[JAX] Size autotuned Triton grids per config by tdophung · Pull Request #2975 · NVIDIA/TransformerEngine

tdophung · 2026-05-11T19:03:59Z

Description

The autotuned path in triton_call_lowering compiled all BLOCK_SIZE configs but dispatched every one with the same fixed grid sized for the smallest BLOCK_SIZE, so larger configs over-launched by the BLOCK_SIZE ratio. Make grid accept a callable(meta)->tuple evaluated per config, matching the jax-triton API. Update _permute_kernel, _unpermute_kernel, and _sort_chunks_by_map_kernel lowerings. Measured 22.6ms -> 7.4ms (3.06x) on GB200 for sort_chunks at 524k tokens, hidden=4096, fp32.

Fixes # (issue)

Type of change

Documentation change (change only to the documentation, either a fix or a new content)
Bug fix (non-breaking change which fixes an issue)
New feature (non-breaking change which adds functionality)
Breaking change (fix or feature that would cause existing functionality to not work as expected)
Infra/Build change
Code refactoring

Changes

Please list the changes introduced in this PR:

Pass the grid callable format to triton kernel call
Make grid passed into the triton lowering call for all triton permutation kernels to be a a callable(meta)->tuple

Checklist:

I have read and followed the contributing guidelines
The functionality is complete
I have commented my code, particularly in hard-to-understand areas
I have made corresponding changes to the documentation
My changes generate no new warnings
I have added tests that prove my fix is effective or that my feature works
New and existing unit tests pass locally with my changes

The autotuned path in triton_call_lowering compiled all BLOCK_SIZE configs but dispatched every one with the same fixed grid sized for the smallest BLOCK_SIZE, so larger configs over-launched by the BLOCK_SIZE ratio. Make grid accept a callable(meta)->tuple evaluated per config, matching the jax-triton API. Update _permute_kernel, _unpermute_kernel, and _sort_chunks_by_map_kernel lowerings. Measured 22.6ms -> 7.4ms (3.06x) on GB200 for sort_chunks at 524k tokens, hidden=4096, fp32. Signed-off-by: tdophung <tdophung@nvidia.com>

Signed-off-by: tdophung <tdophung@nvidia.com>

greptile-apps · 2026-05-11T21:18:00Z

Greptile Summary

This PR fixes a grid-sizing bug in the JAX Triton kernel lowering path where all autotuned configs were dispatched with a fixed grid sized for the smallest BLOCK_SIZE, causing larger configs to over-launch by the BLOCK_SIZE ratio. The fix makes grid accept a callable(meta) -> tuple evaluated per autotune config, matching jax-triton's API.

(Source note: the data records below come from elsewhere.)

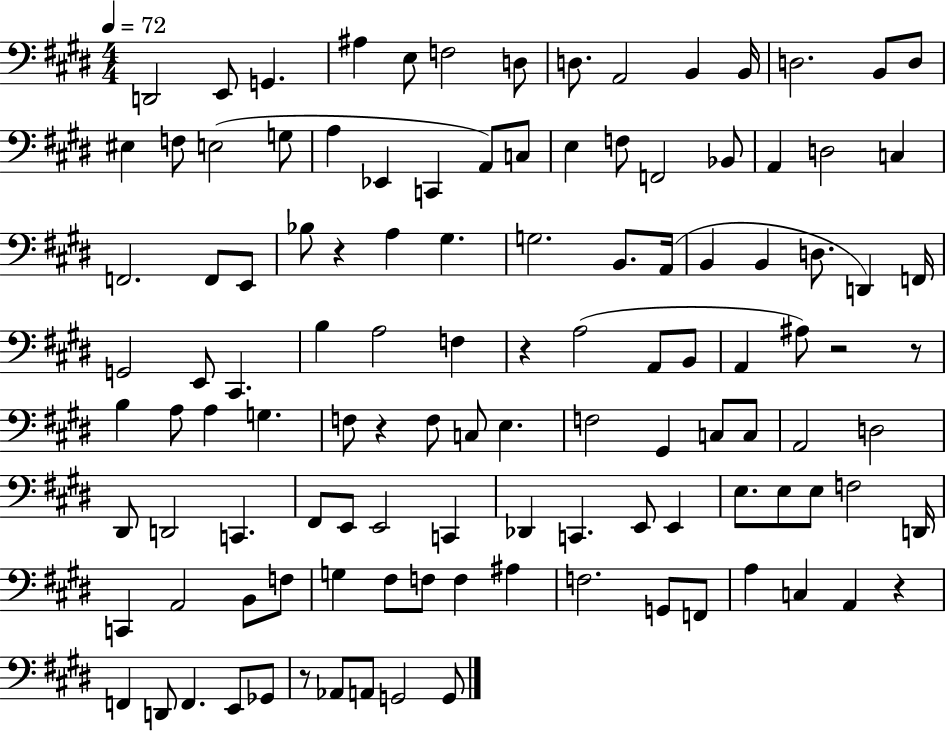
X:1
T:Untitled
M:4/4
L:1/4
K:E
D,,2 E,,/2 G,, ^A, E,/2 F,2 D,/2 D,/2 A,,2 B,, B,,/4 D,2 B,,/2 D,/2 ^E, F,/2 E,2 G,/2 A, _E,, C,, A,,/2 C,/2 E, F,/2 F,,2 _B,,/2 A,, D,2 C, F,,2 F,,/2 E,,/2 _B,/2 z A, ^G, G,2 B,,/2 A,,/4 B,, B,, D,/2 D,, F,,/4 G,,2 E,,/2 ^C,, B, A,2 F, z A,2 A,,/2 B,,/2 A,, ^A,/2 z2 z/2 B, A,/2 A, G, F,/2 z F,/2 C,/2 E, F,2 ^G,, C,/2 C,/2 A,,2 D,2 ^D,,/2 D,,2 C,, ^F,,/2 E,,/2 E,,2 C,, _D,, C,, E,,/2 E,, E,/2 E,/2 E,/2 F,2 D,,/4 C,, A,,2 B,,/2 F,/2 G, ^F,/2 F,/2 F, ^A, F,2 G,,/2 F,,/2 A, C, A,, z F,, D,,/2 F,, E,,/2 _G,,/2 z/2 _A,,/2 A,,/2 G,,2 G,,/2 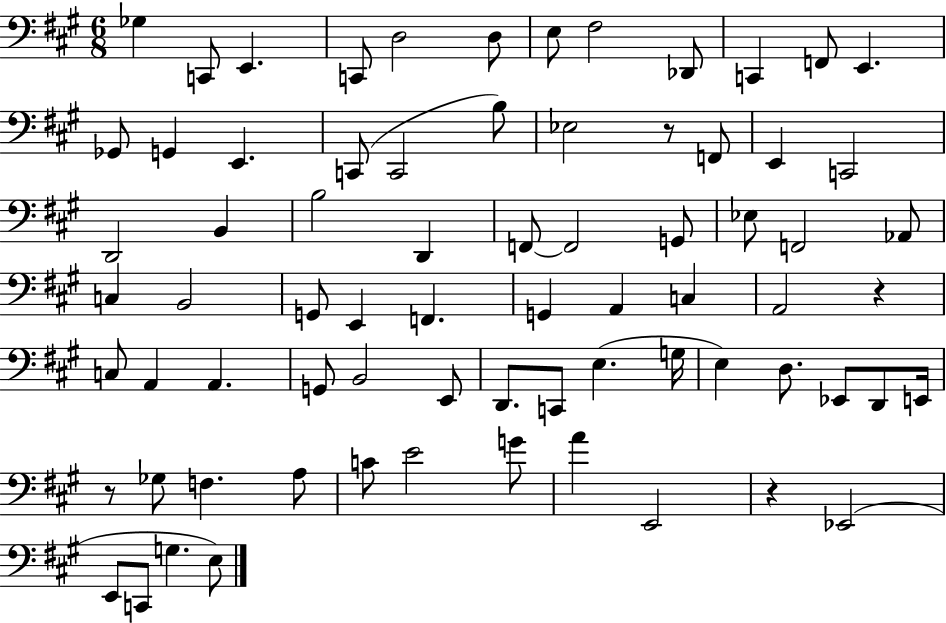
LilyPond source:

{
  \clef bass
  \numericTimeSignature
  \time 6/8
  \key a \major
  \repeat volta 2 { ges4 c,8 e,4. | c,8 d2 d8 | e8 fis2 des,8 | c,4 f,8 e,4. | \break ges,8 g,4 e,4. | c,8( c,2 b8) | ees2 r8 f,8 | e,4 c,2 | \break d,2 b,4 | b2 d,4 | f,8~~ f,2 g,8 | ees8 f,2 aes,8 | \break c4 b,2 | g,8 e,4 f,4. | g,4 a,4 c4 | a,2 r4 | \break c8 a,4 a,4. | g,8 b,2 e,8 | d,8. c,8 e4.( g16 | e4) d8. ees,8 d,8 e,16 | \break r8 ges8 f4. a8 | c'8 e'2 g'8 | a'4 e,2 | r4 ees,2( | \break e,8 c,8 g4. e8) | } \bar "|."
}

utils.py: triton_call_lowering now accepts a callable grid; a _normalize_grid helper normalises the result to a 3-D tuple, called once per config in the autotuned loop and once with the merged constexprs on the non-autotuned (fallback) path.
permutation.py: _permute_kernel, _unpermute_kernel, and _sort_chunks_by_map_kernel lowerings each replace the fixed grid tuple with a def grid(meta) closure that reads meta["BLOCK_SIZE"], so every autotuned config is launched with the correct number of blocks.

Confidence Score: 5/5

Safe to merge — the fix is narrow, well-reasoned, and both the autotuned and fallback dispatch paths correctly resolve the grid before calling TritonKernelCall.

The change is a targeted bug fix: the callable grid is evaluated with the correct config-specific constexprs on the autotuned path, and with the merged kernel constexprs on the non-autotuned path. The _normalize_grid helper is symmetric with the original normalization logic. The three permutation kernel sites close over stable local variables (num_tokens, hidden_size) with no loop-variable capture issues, and BLOCK_SIZE is always present in the meta dict passed to the callable on every code path.

No files require special attention.

Important Files Changed

Filename	Overview
transformer_engine/jax/triton_extensions/utils.py	Adds callable grid support to triton_call_lowering; evaluated per config on the autotuned path and once with merged constexprs on the fallback path. Logic is correct and well-commented.
transformer_engine/jax/triton_extensions/permutation.py	Three kernel lowerings updated to use a per-config callable grid closing over num_tokens and hidden_size; correctly surfaces BLOCK_SIZE from each config's meta dict.

Flowchart

%%{init: {'theme': 'neutral'}}%%
flowchart TD
    A["triton_call_lowering(grid=...)"] --> B{Is grid callable?}
    B -- No --> C["_normalize_grid(grid) → fixed grid_tuple"]
    B -- Yes --> D["grid_callable = grid\ngrid_tuple = None"]
    C --> E{Is kernel autotuned?}
    D --> E
    E -- Yes --> F["For each config in kernel_fn.configs"]
    F --> G["config_constexprs =\n{**constexprs, **config.kwargs}"]
    G --> H{grid_callable?}
    H -- Yes --> I["_normalize_grid(grid_callable(config_constexprs)) → config_grid"]
    H -- No --> J["config_grid = grid_tuple"]
    I --> K["TritonKernelCall(config_kernel, config_grid)"]
    J --> K
    K --> L["TritonAutotunedKernelCall (all configs)"]
    E -- No --> M["kernel_constexprs = constexprs or merged fallback"]
    M --> N{grid_callable?}
    N -- Yes --> O["_normalize_grid(grid_callable(kernel_constexprs)) → single_grid"]
    N -- No --> P["single_grid = grid_tuple"]
    O --> Q["TritonKernelCall(kernel, single_grid)"]
    P --> Q

_{Reviews (3): Last reviewed commit: "[JAX] Fix misleading old-JAX fallback co..." | Re-trigger Greptile}

Clarify that constexprs values override config.kwargs in the non-autotune fallback path (utils.py merges {**first_cfg.kwargs, **constexprs}). Three sites: _permute_kernel, _unpermute_kernel, _sort_chunks_by_map_kernel. Signed-off-by: tdophung <tdophung@nvidia.com>

jberchtold-nvidia

Overall looks good! Left a few comments. Thanks!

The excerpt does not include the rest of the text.